◆ About this exercise:
Where the listing below reaches the line containing "샤넬 코코 네쥬 벨벳 나일론 턴락 볼링백 검수사진 3", start writing out lines exactly, and stop once the line containing "Diyanet İşleri Başkanı" has been written.

Extracted data section start

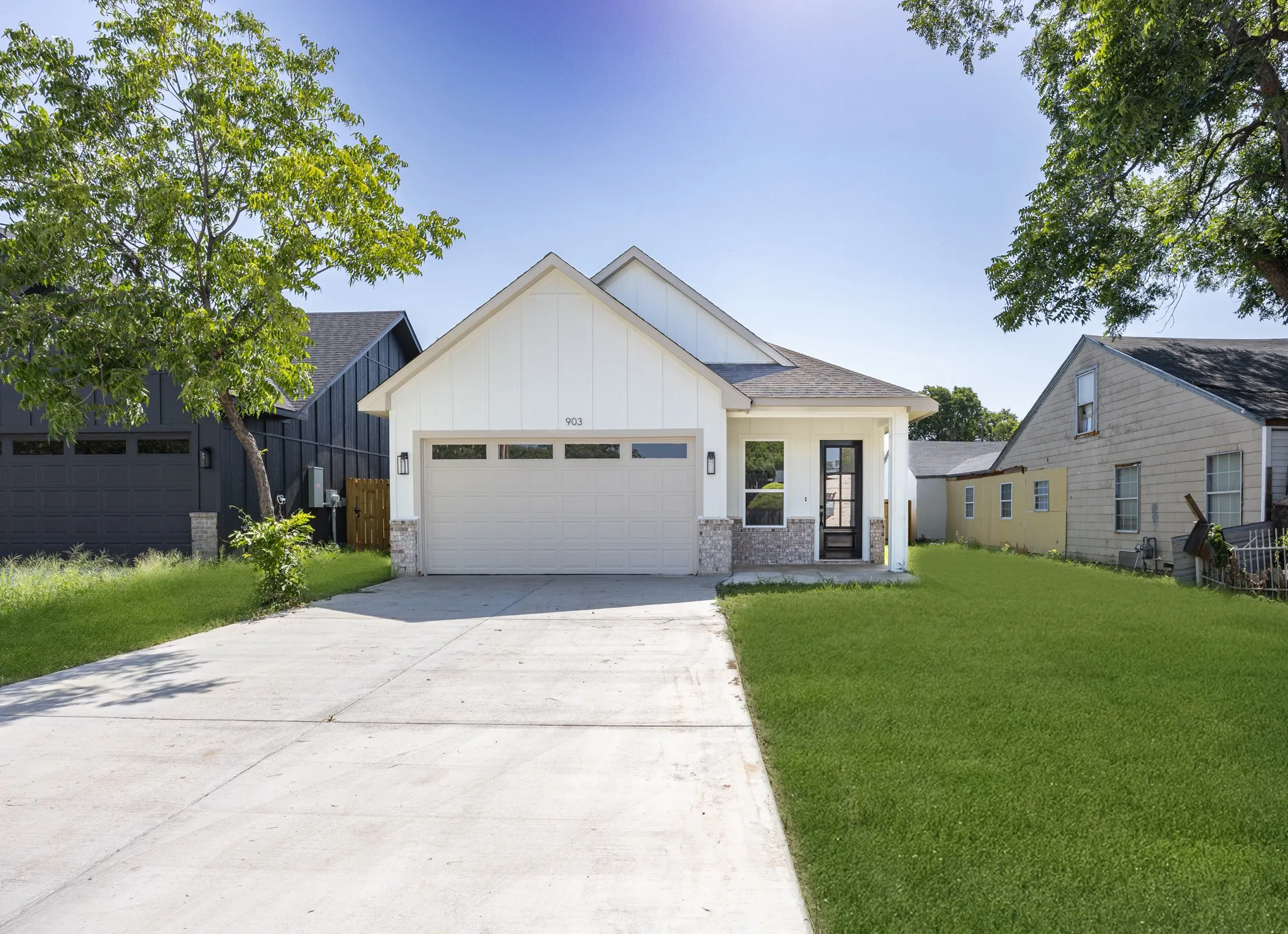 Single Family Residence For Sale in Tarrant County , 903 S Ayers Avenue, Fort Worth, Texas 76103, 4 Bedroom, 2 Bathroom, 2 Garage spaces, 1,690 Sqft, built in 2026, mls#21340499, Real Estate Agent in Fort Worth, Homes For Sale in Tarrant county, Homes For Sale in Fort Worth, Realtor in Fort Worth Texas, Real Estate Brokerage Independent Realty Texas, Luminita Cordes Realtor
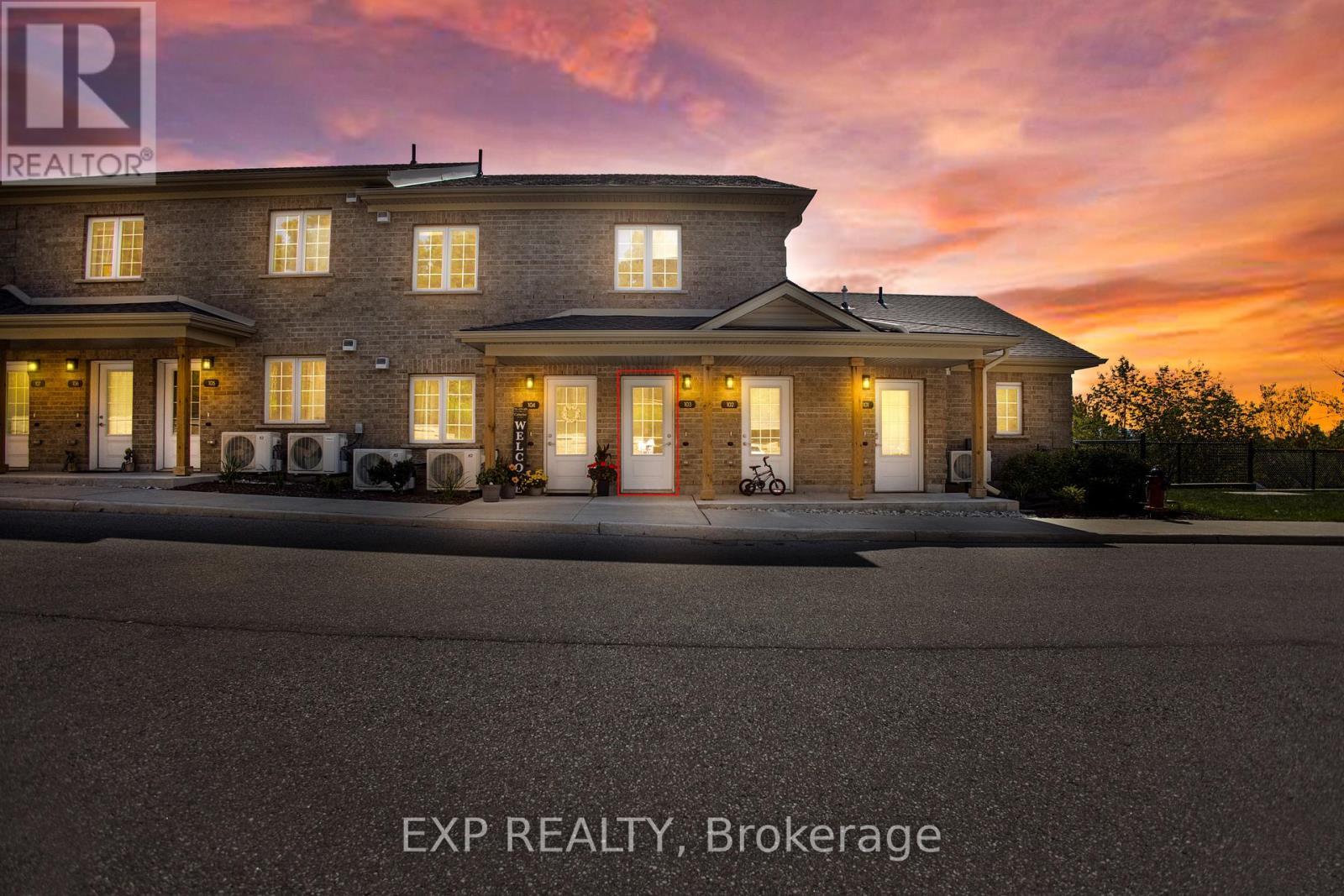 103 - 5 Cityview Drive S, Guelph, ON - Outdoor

Extracted data section end
Extracted data section start

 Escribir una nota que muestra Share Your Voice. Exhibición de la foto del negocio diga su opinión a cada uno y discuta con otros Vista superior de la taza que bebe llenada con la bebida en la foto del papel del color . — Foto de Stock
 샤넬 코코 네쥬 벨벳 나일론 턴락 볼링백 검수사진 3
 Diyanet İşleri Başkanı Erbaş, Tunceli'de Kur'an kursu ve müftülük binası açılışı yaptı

Extracted data section end

◆ Task response:
 샤넬 코코 네쥬 벨벳 나일론 턴락 볼링백 검수사진 3
 Diyanet İşleri Başkanı Erbaş, Tunceli'de Kur'an kursu ve müftülük binası açılışı yaptı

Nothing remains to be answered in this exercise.